PROBLEM:
Below, some lines carry pictures; leave those pictures out and retype exactly the lines from the one with "Tessa Puppies, a" through the one with "스탠다드 테라스 룸, Green House Resort".

RECORD SET:
=== Begin Enclosure ===
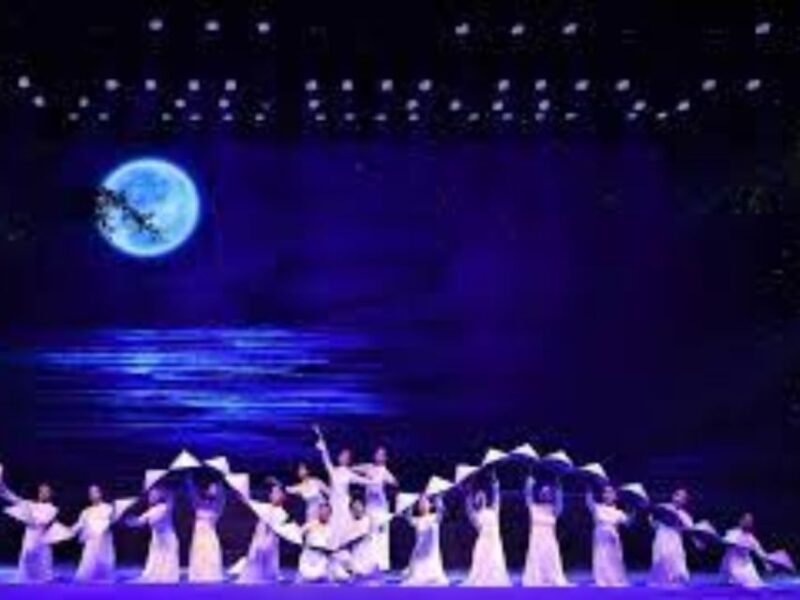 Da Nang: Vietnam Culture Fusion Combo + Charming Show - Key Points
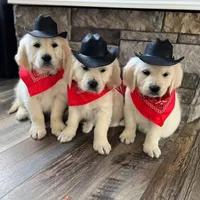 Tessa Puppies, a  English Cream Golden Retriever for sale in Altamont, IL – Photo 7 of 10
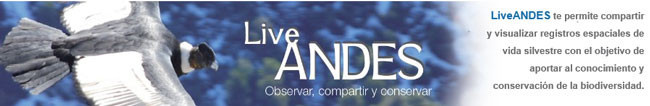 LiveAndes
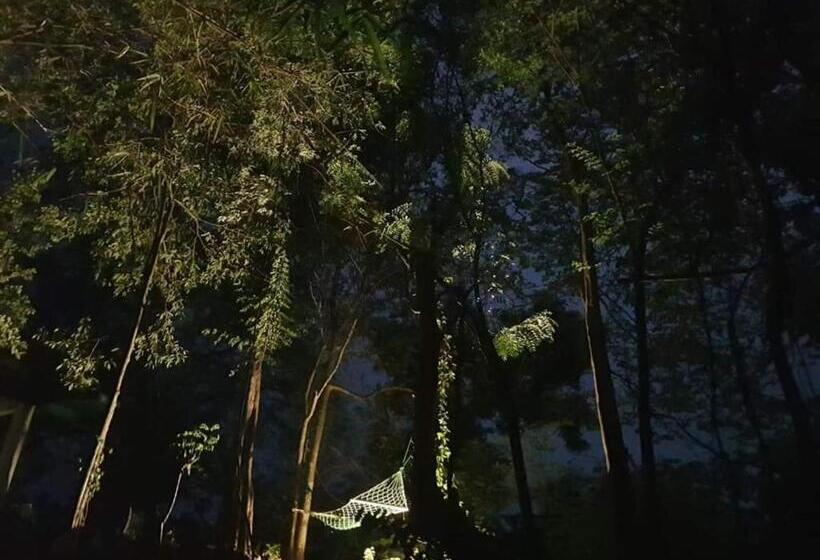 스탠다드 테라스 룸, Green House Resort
=== End Enclosure ===
=== Begin Enclosure ===
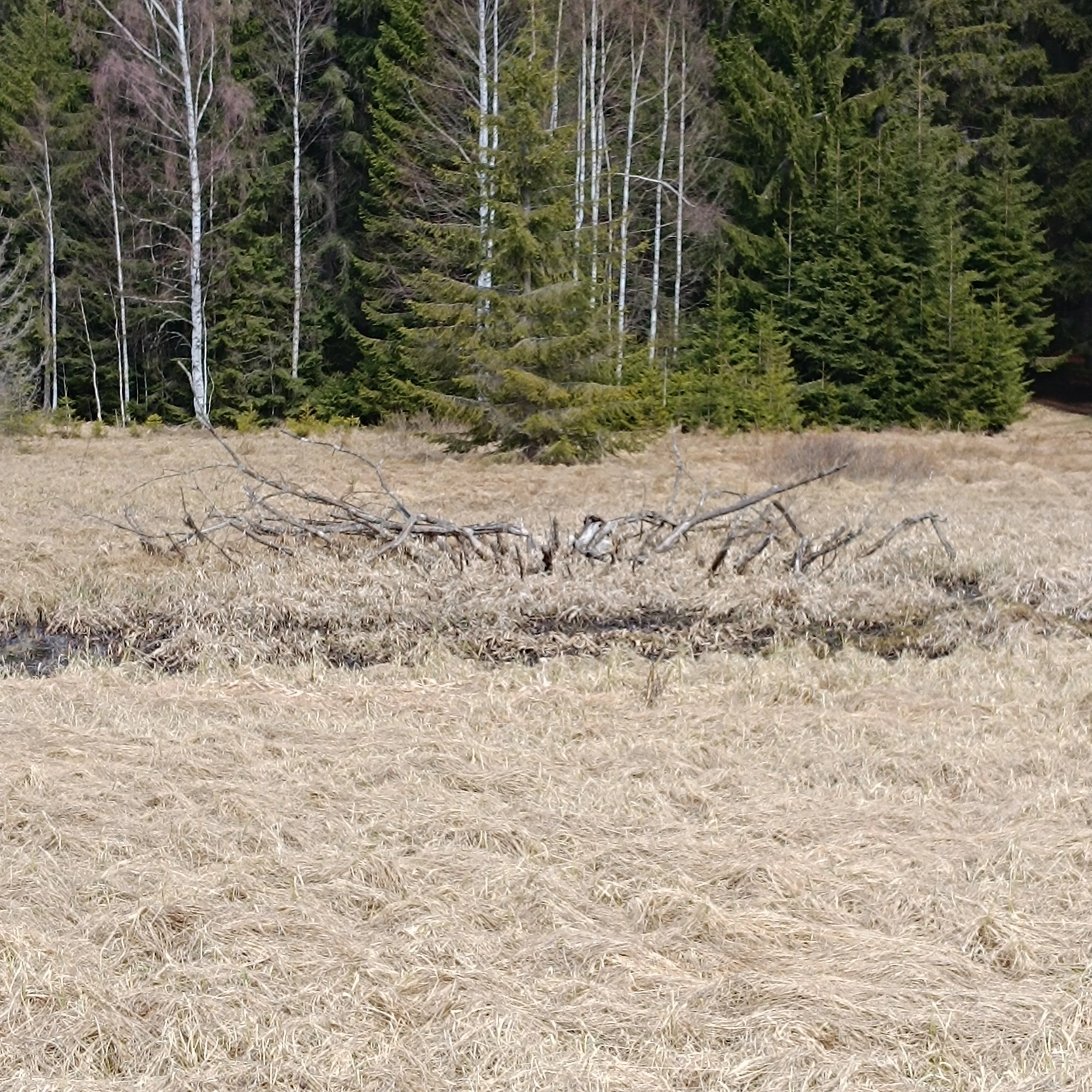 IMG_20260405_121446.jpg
=== End Enclosure ===
RESULT OF THE EXERCISE:
 Tessa Puppies, a  English Cream Golden Retriever for sale in Altamont, IL – Photo 7 of 10
 LiveAndes
 스탠다드 테라스 룸, Green House Resort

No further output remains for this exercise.